§ **EXERCISE AIM**: Give an exact copy of the data that follows, but none of its pictures.

━━━━━━━━━━━━━━━━

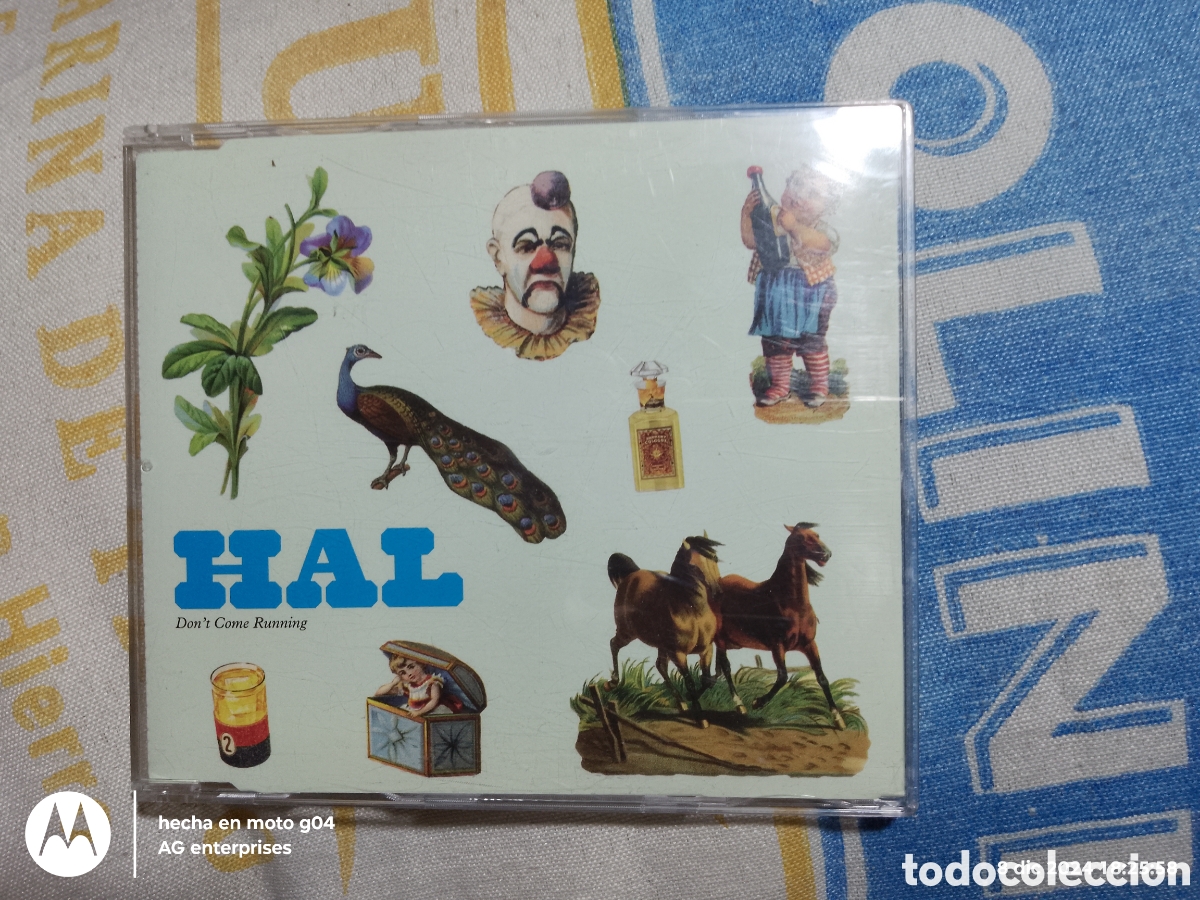 CDs de m&uacute;sica: Hal . Don&acute;t come running ..cd single - Foto 1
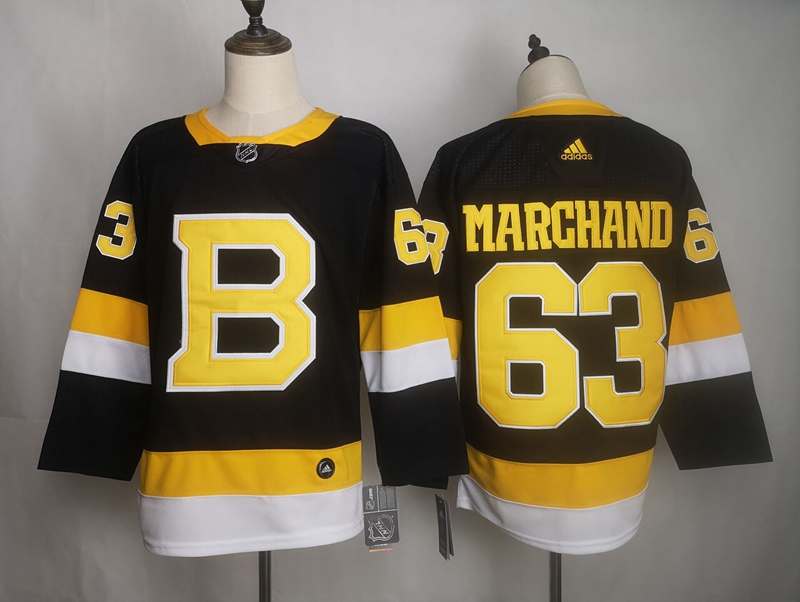 Boston Bruins Black #63 MARGHAND Classics NHL Jersey Boston Bruins Black #63 MARGHAND Classics NHL Jersey
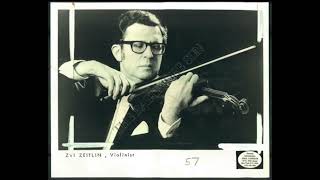 Zvi Zeitlin  Arnold Schönberg Violin Concerto Michael Gielen Orchestre National de France [upl. by Bouchard]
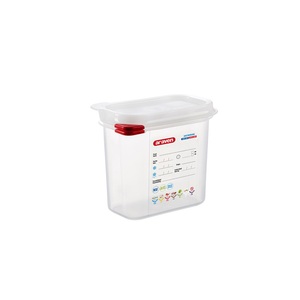 Araven Polypropylene Airtight Container Gastronorm 1/9 1.5 Litre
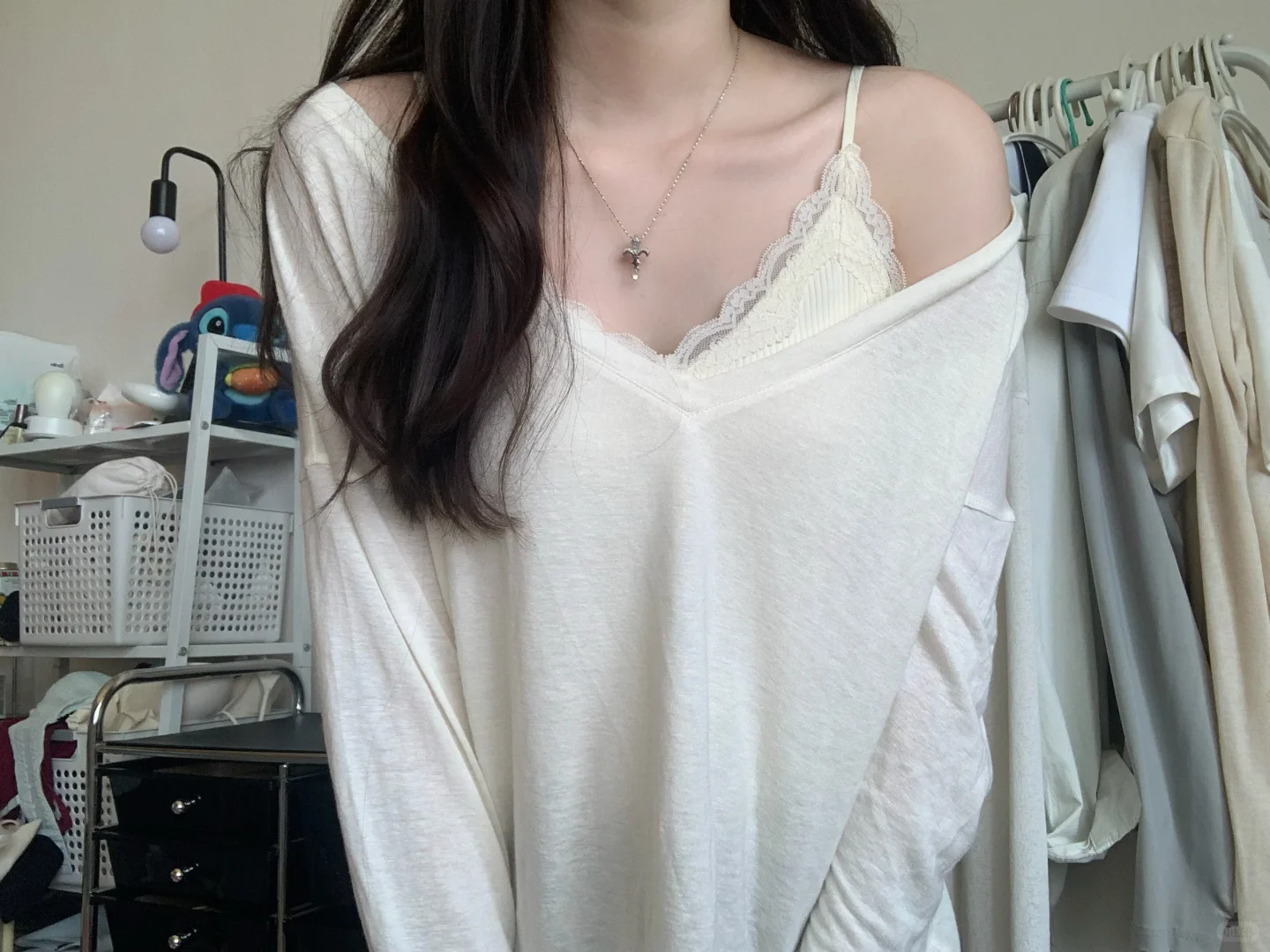 一眼素素美女感吊带分享！！！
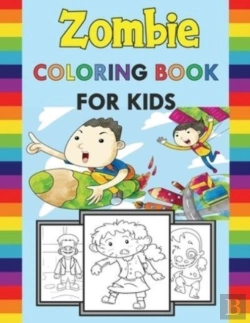 Bertrand.pt - Zombie Coloring Book For Kids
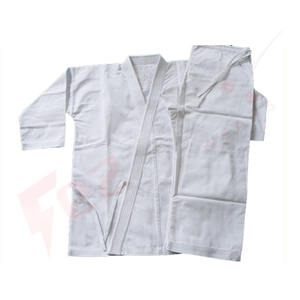 ชุดศิลปะการต่อสู้คาราเต้ทำจาก Sialkot ยอดนิยม - Product Image 5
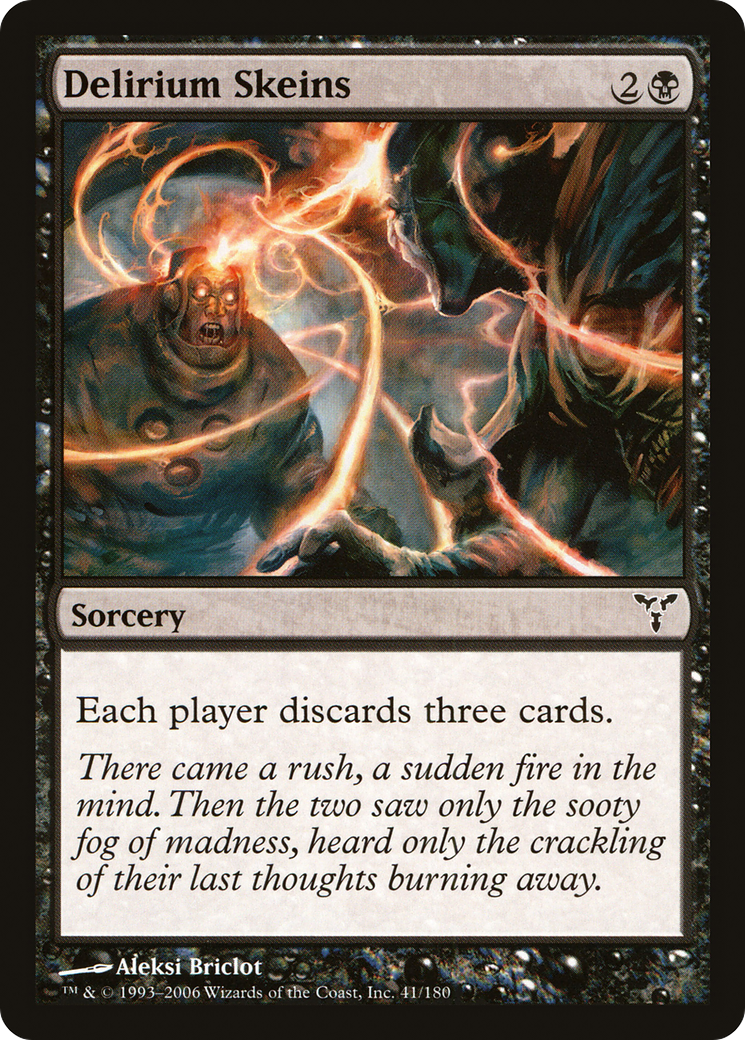 Image of Delirium Skeins (DIS-041) - Dissension Foil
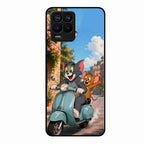 Cartoon Scooter Adventure Premium Glass Phone Case for Realme 8 Pro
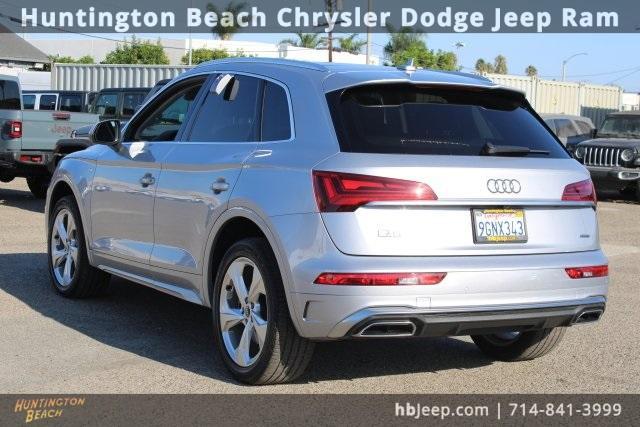 used 2022 Audi Q5 car, priced at $27,800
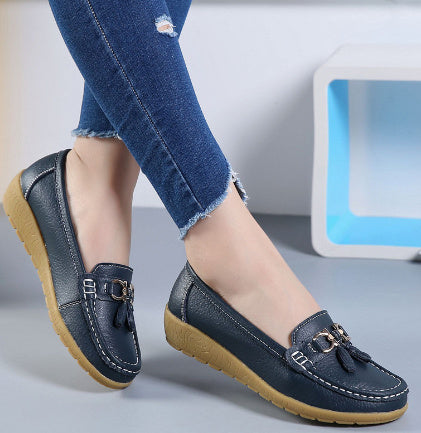 Mocassin Orthopédique en Cuir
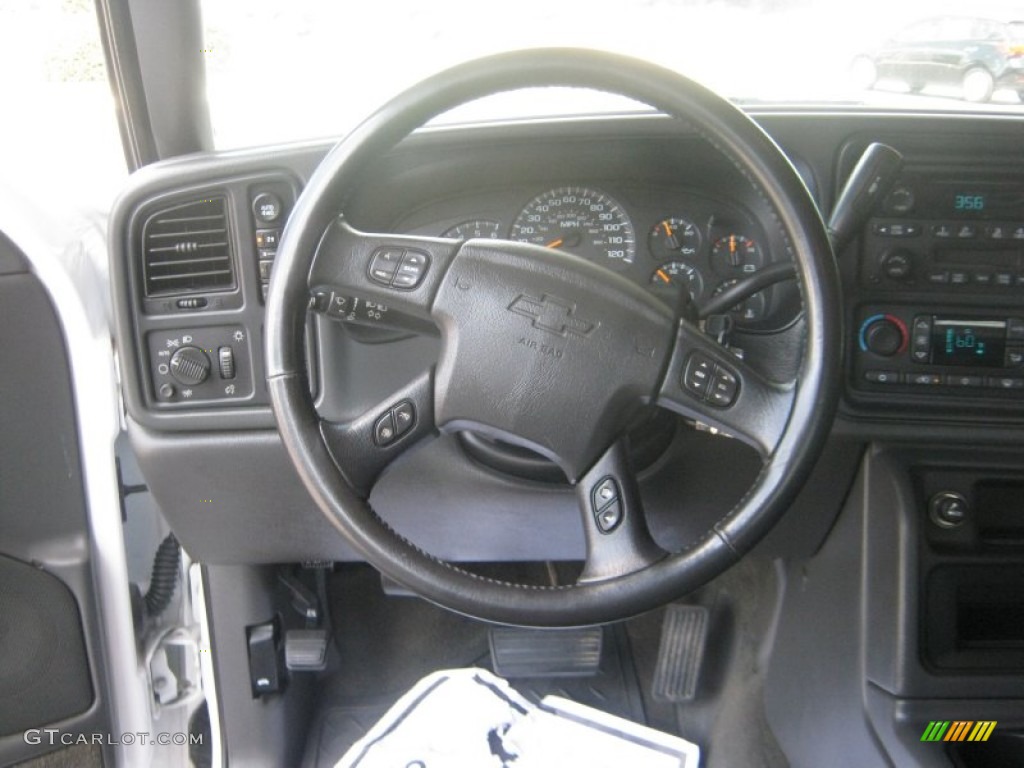 2004 Silverado 1500 Z71 Extended Cab 4x4 - Summit White / Dark Charcoal photo #9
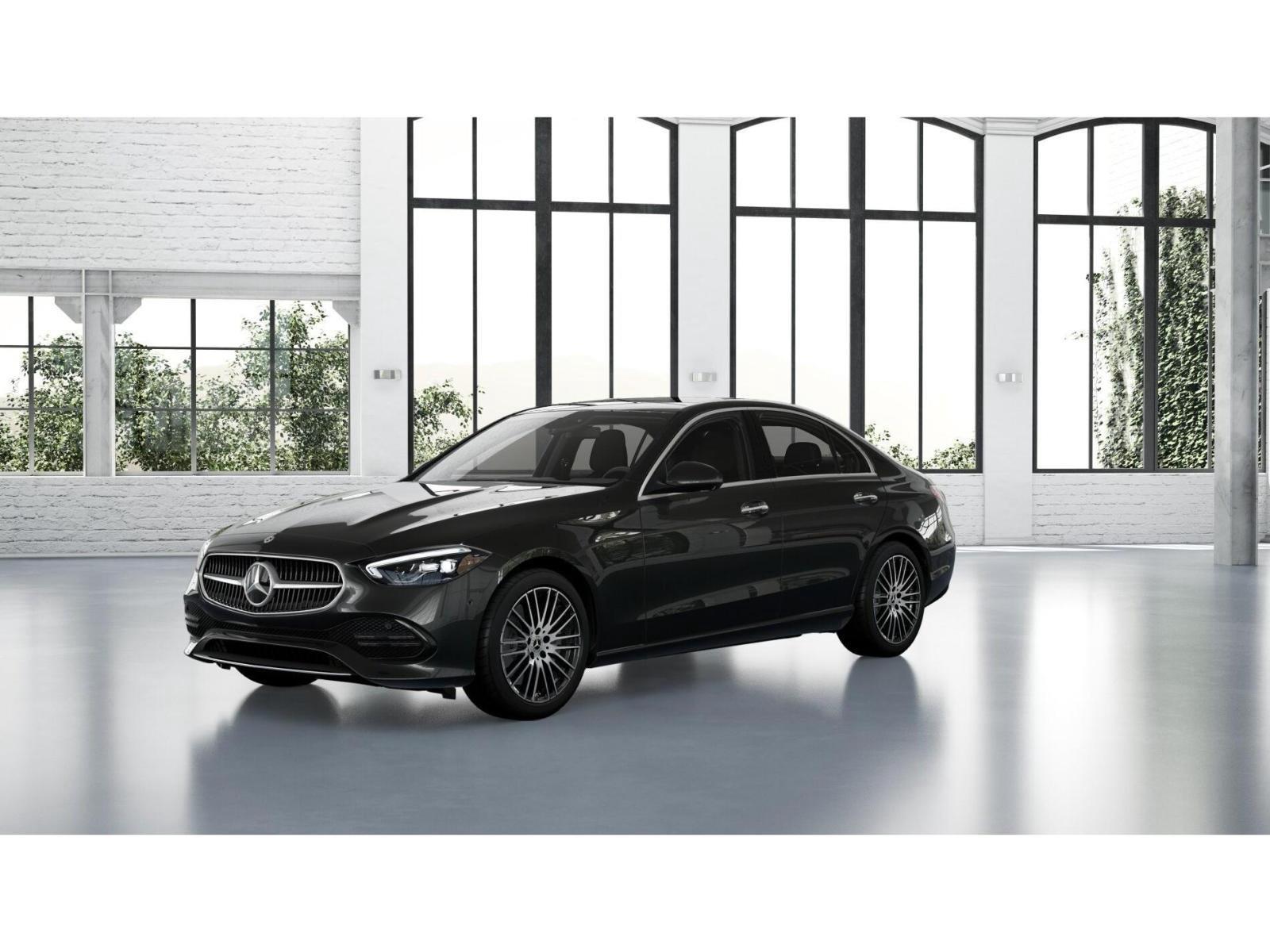 New 2026 Graphite Grey Metallic Mercedes-Benz C 300 image 38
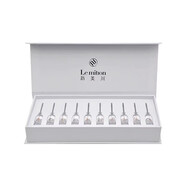 瀝美川（Le mition）魚子水洗面奶隔護(hù)霜紅莓嬌艷露精華液美容院同款護(hù)膚品 塑顏面雕精華安瓶2ml*10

━━━━━━━━━━━━━━━━

§ **ANSWER SPACE**:
 CDs de m&uacute;sica: Hal . Don&acute;t come running ..cd single - Foto 1
 Boston Bruins Black #63 MARGHAND Classics NHL Jersey Boston Bruins Black #63 MARGHAND Classics NHL Jersey
 Zvi Zeitlin  Arnold Schönberg Violin Concerto Michael Gielen Orchestre National de France [upl. by Bouchard]
 Araven Polypropylene Airtight Container Gastronorm 1/9 1.5 Litre
 一眼素素美女感吊带分享！！！
 Bertrand.pt - Zombie Coloring Book For Kids
 ชุดศิลปะการต่อสู้คาราเต้ทำจาก Sialkot ยอดนิยม - Product Image 5
 Image of Delirium Skeins (DIS-041) - Dissension Foil
 Cartoon Scooter Adventure Premium Glass Phone Case for Realme 8 Pro
 used 2022 Audi Q5 car, priced at $27,800
 Mocassin Orthopédique en Cuir
 2004 Silverado 1500 Z71 Extended Cab 4x4 - Summit White / Dark Charcoal photo #9
 New 2026 Graphite Grey Metallic Mercedes-Benz C 300 image 38
 瀝美川（Le mition）魚子水洗面奶隔護(hù)霜紅莓嬌艷露精華液美容院同款護(hù)膚品 塑顏面雕精華安瓶2ml*10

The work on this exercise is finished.